The August 20, 2024 release of EMR Serverless Spark adds eight platform features—including Spark SQL tasks, Apache Airflow and DolphinScheduler scheduling, CloudMonitor integration, and RAM user access control—and ships engine version esr-2.2 (Spark 3.3.1, Scala 2.12) with Fusion acceleration covering 26 operators, 240 expressions, and 12 data types, a JindoSDK upgrade to NextArch 6.5.1, and an RPC retry mechanism that ensures all tasks start successfully.

Platform updates

Task development

The following task types are now supported:

Spark SQL
Application (batch): Java Archive (JAR), PySpark, SQL, and Spark Submit
Application (streaming): JAR and PySpark

Integration with other ecosystems

DataWorks: Associate EMR Serverless Spark with a DataWorks workspace.
Scheduling: Apache Airflow operators are supported, including compatibility with livy_operator. DolphinScheduler operators are also supported.
Metadata: Use external Hive Metastores to store metadata.
API access: The Spark Thrift Server provides Java Database Connectivity (JDBC) API access. The Livy service provides RESTful API access.
Command-line submission: The spark_submit command is available.

Notebook

Supported languages: PySpark, Python, and Markdown.
Data visualization is supported.

Workflow

Scheduled task types: Spark SQL, Application JAR, and PySpark.
Integration with CloudMonitor lets you monitor workflow and node status and configure alerting.
Manage workflows in topology view and grid view.

Task history

Collect statistics on memory usage and CPU utilization per task.

Resource management

Manage SQL computes, notebook computes, gateways, Spark Thrift Servers, and queues from a single interface.

Access control

Manage RAM user permissions at the workspace level.

Resource observation

Real-time monitoring of compute unit (CU), CPU, and memory metrics, scoped to the workspace or queue.
Filter and analyze metrics by time range.

Engine updates

esr-2.2 (Spark 3.3.1, Scala 2.12)

Fusion acceleration

Supports 26 common Spark operators. See the Operators section in the Fusion engine topic.
Supports 240 common Spark expressions. See the Expressions section in the Fusion engine topic.
Supports 12 basic data types.

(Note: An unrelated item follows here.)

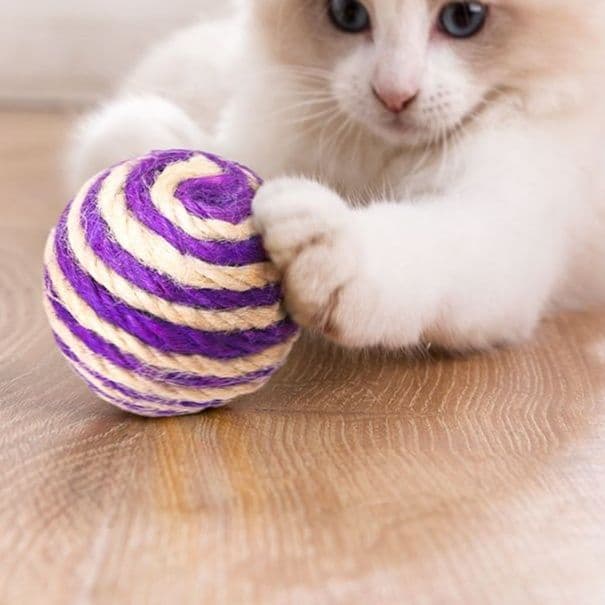 猫 おもちゃ 遊び心くすぐるまるまる麻球（まきゅう）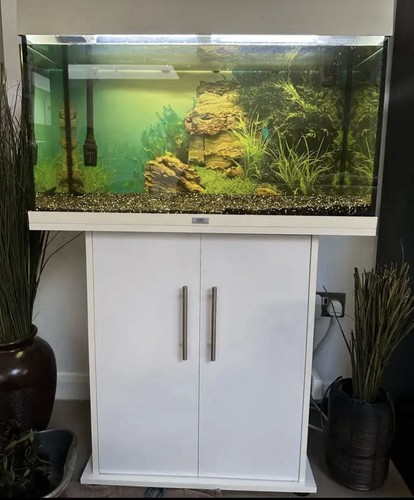 Fluval 125l aquarium tank with - 125l,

See the Data types section in the Fusion engine topic.
Celeborn is supported.
Parquet and Paimon formats can be read.
Operators and expressions not covered by Fusion acceleration fall back to the Java Runtime environment.

Bug fixes and improvements

Paimon: Update and delete operations on append-only tables are now supported.
Hudi: Fixed an issue where jobs marked with TIMELINE_SERVER_BASED could not be terminated.
Spark UI and logs: Optimized log retrieval performance.
JindoSDK: Updated to NextArch 6.5.1. Committer optimization is supported when Fusion acceleration is disabled.
pandas and Matplotlib: Images for pandas and Matplotlib are now supported.
Network stability: An RPC (remote procedure call) retry mechanism ensures all tasks start successfully even under unstable network conditions.